The judge value is what the appraisal district tax them on. That is when that suit was filed. Not necessarily this year, but when the suit was filed. For example, the last one here, $6,743 they go in taxes and when that was assessed, the property had a value of about $70,000. This will allow you to look and see if you’ve got a narrow gap between the minimum bid and the value. You probably don’t want to overbid a properly because you want to be able to buy it as close to the minimum bid as possible. Certainly, as far away from the value as possible. If they’re too close, you may not want to look at it, but you may find some that are good and then you’ll want more data of that. You can do that on your own or you can order our property data sheet. It gives you some interesting information.

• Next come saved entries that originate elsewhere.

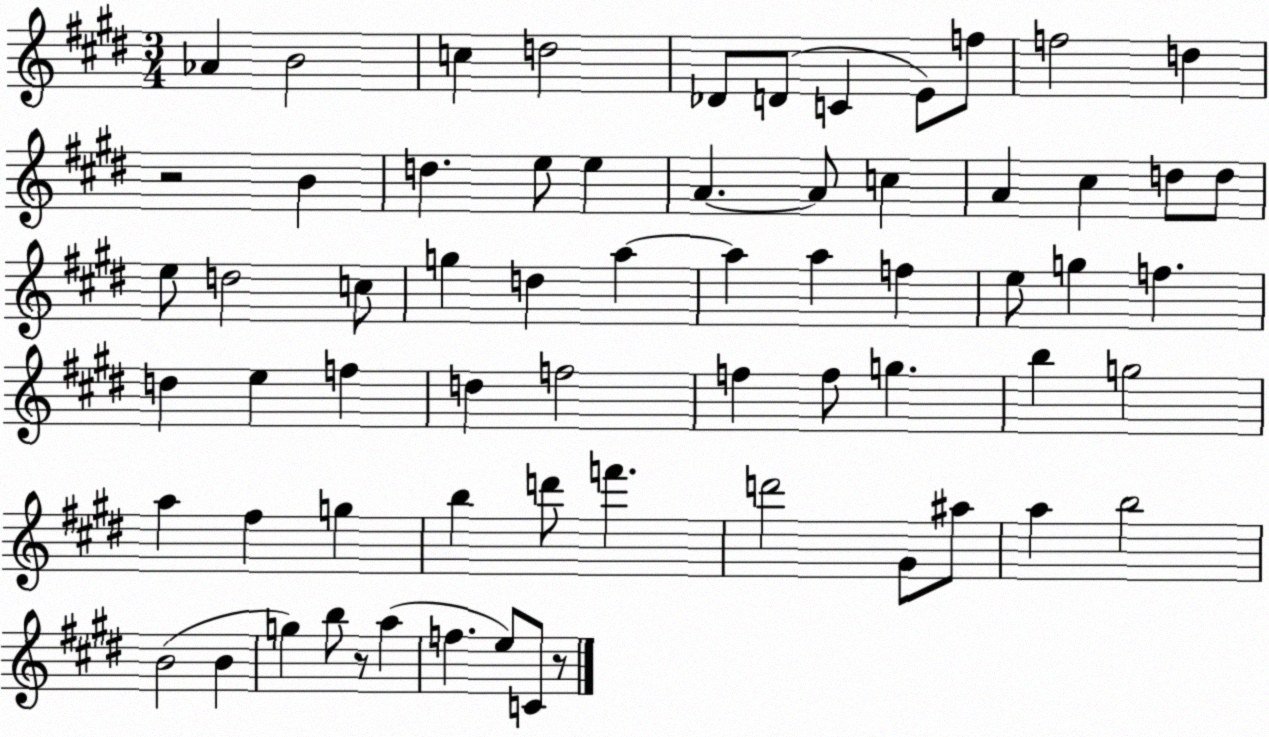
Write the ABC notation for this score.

X:1
T:Untitled
M:3/4
L:1/4
K:E
_A B2 c d2 _D/2 D/2 C E/2 f/2 f2 d z2 B d e/2 e A A/2 c A ^c d/2 d/2 e/2 d2 c/2 g d a a a f e/2 g f d e f d f2 f f/2 g b g2 a ^f g b d'/2 f' d'2 ^G/2 ^a/2 a b2 B2 B g b/2 z/2 a f e/2 C/2 z/2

It gives you exactly what we had, the street address, the minimum bid, the adjudged value, but we also give you the current value so you can see if it’s moved up or down and the hash value in the last few years, the cost number. That’s the case number. In some counties, at the auction, they don’t call out the address. They call out what the case number is. Then the judgment date. That tells you, “Look at that first one, 2011.” That could mean that that minimum bid is only through 2011. If you buy the property, you don’t have to pay the taxes in addition to what you’re paying for in 2012, ‘13, ‘14, ‘15, ’16, and ’17. It may not mean that, but that’s part of the research you’ve got to do. Also, the square footage, that’s important to know and does it have a homestead exemption or not? What type of property? Is it residential? Is it commercial? How many bedrooms? How many baths? Garage? What the current taxes are, which helps you with figuring what the cashflow is and then how much land is. This is all information that we have already gathered and have available for you as investors. We’ve got to see what the property looks like. We could go out and Google if you want but sometimes it’s the house around the corner that’s three years old. We have a current picture that we want you to see on the house. We want to make sure to look at the house number. This is Texas. Not all of them have a have a house number. You might have 1410 on the left and 1414 on the right. It doesn’t necessarily mean the one in the middle is 1412.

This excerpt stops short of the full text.